社会の標準としての「空気読め」

 お笑い番組の中には、空気を読めないがために発生するマズイ状況を戯画化して笑うコントがある。このようなコントを見ていると、日本人は目に見えない多くのスタンダードを持っているのだと度々思う。ちょっとした受け答えにしても、標準的な振る舞いから少しでもズレがあれば、それは鋭い観察と皮肉によって笑いになる。
 そして、そのようなコントには必ず、空気を読めない人に対する軽蔑が含まれている。それは「嘲笑」であり、機知とは違う「馬鹿にする笑い」が含まれている。

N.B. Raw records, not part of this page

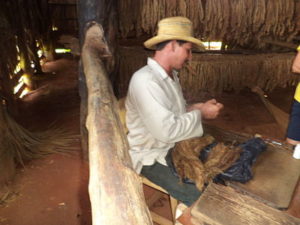 Campesino haciendo tabaco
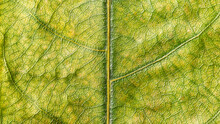 Light Green Leaf Surface, Close Up Texture Background
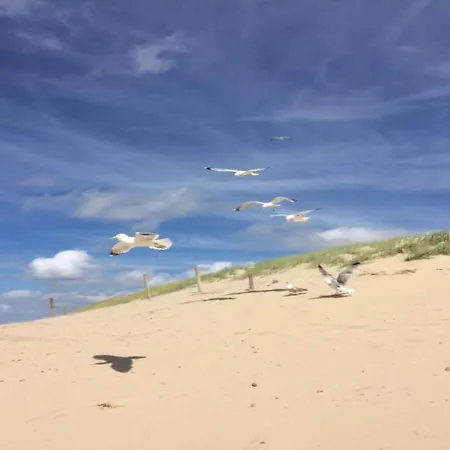 In Dunes With Stunning Views Apartmán Julianadorp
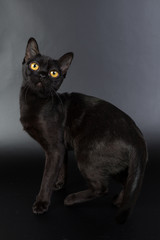 black cat, Burmese on a black background orange eyes, photo studio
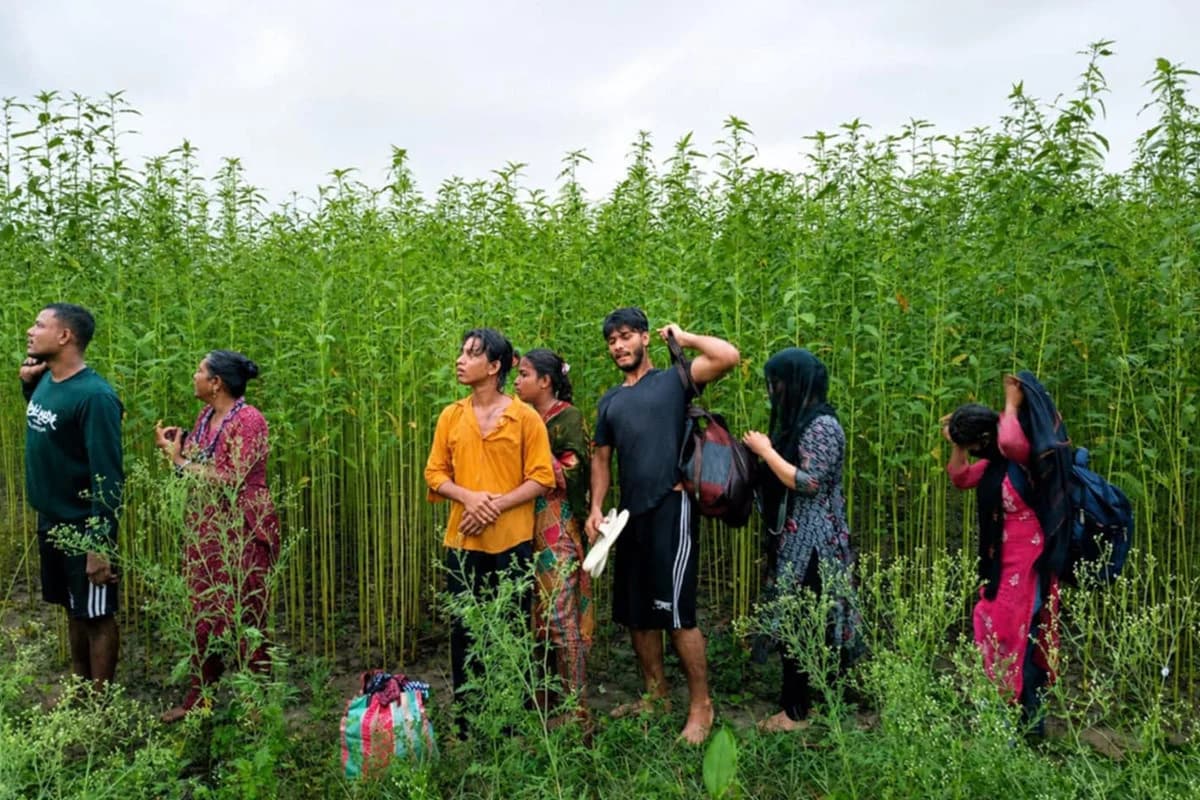 নারী ও ট্রান্সজেন্ডারসহ ৮ জনকে পুশইন করতে চেয়েছিল বিএসএফ, রুখে দিল বিজিবি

 私はこのタイプの笑いにあまり面白みを感じない。この手のコントには往々にして奇想や遊びが無い。つまりは、空気を読めない人間が空気を読めないのは至って当たり前のことにすぎない。内反足の人間が転げても可笑しくはないし、分裂病の人間が独り言をしゃべっていても可笑しくはない。
 また、このように軽蔑によって笑うためには、自分は彼らと違う、自分の方が優越している、自分の感覚はみんなと同じである、という(無意識・無自覚の)前提が必要だ。自分の社会的常識が正しいと自信を持っていなければならない。この自信がないと笑うに笑えない。いつ自分が笑われる立場になるか知れないのだから。
 自分の常識を自分で疑っている人間はたぶん笑えない。